§ Task description
Beginning with the line containing "Boulder address stone" and going on through the line containing "Close up of", the lines below are to be returned exactly, pictures excluded and nothing added.

§ Input
====

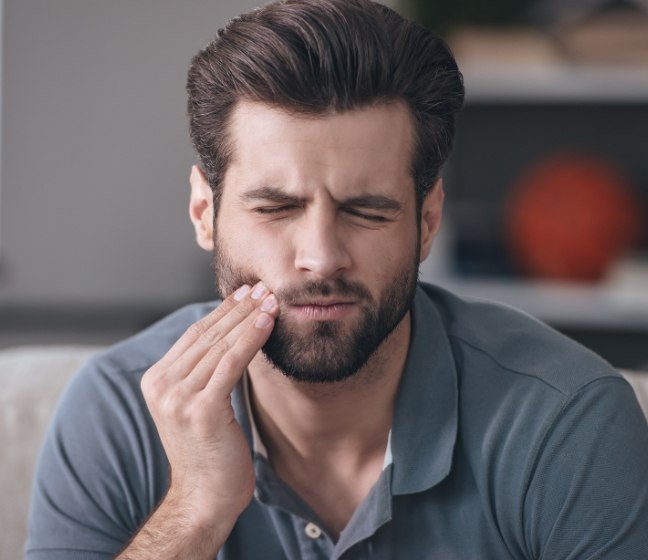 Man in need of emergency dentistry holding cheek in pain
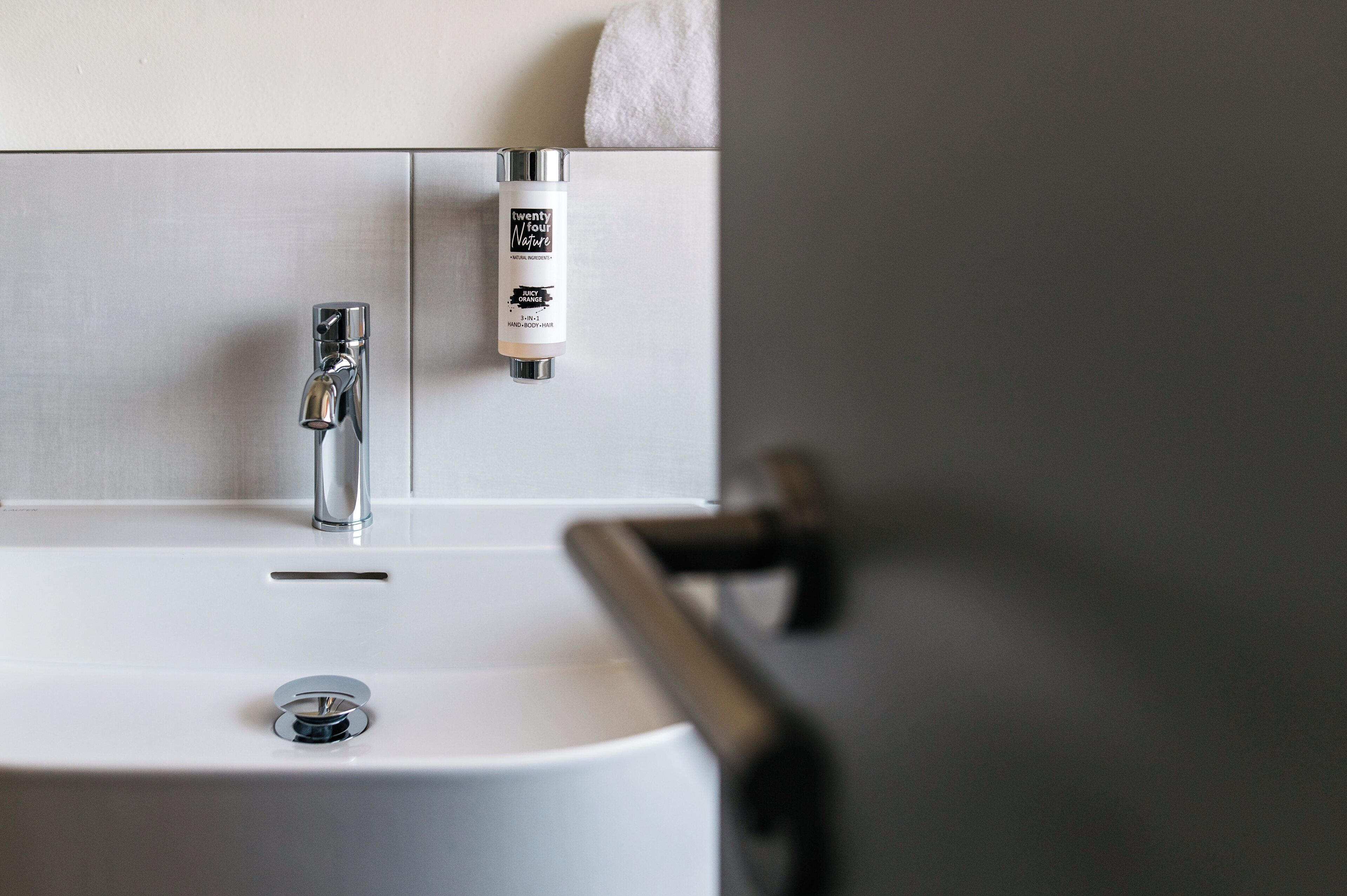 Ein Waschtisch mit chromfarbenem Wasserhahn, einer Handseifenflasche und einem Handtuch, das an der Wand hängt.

====

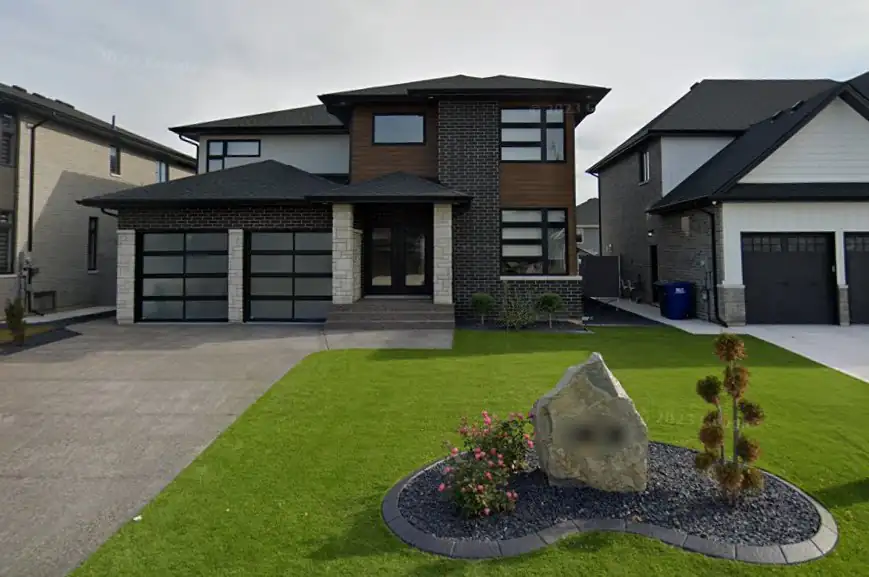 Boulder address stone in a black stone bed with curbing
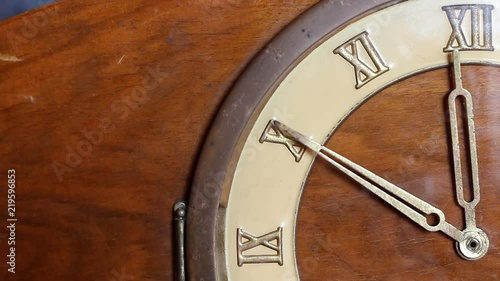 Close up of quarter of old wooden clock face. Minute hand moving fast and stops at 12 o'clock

====

§ Response area
 Boulder address stone in a black stone bed with curbing
 Close up of quarter of old wooden clock face. Minute hand moving fast and stops at 12 o'clock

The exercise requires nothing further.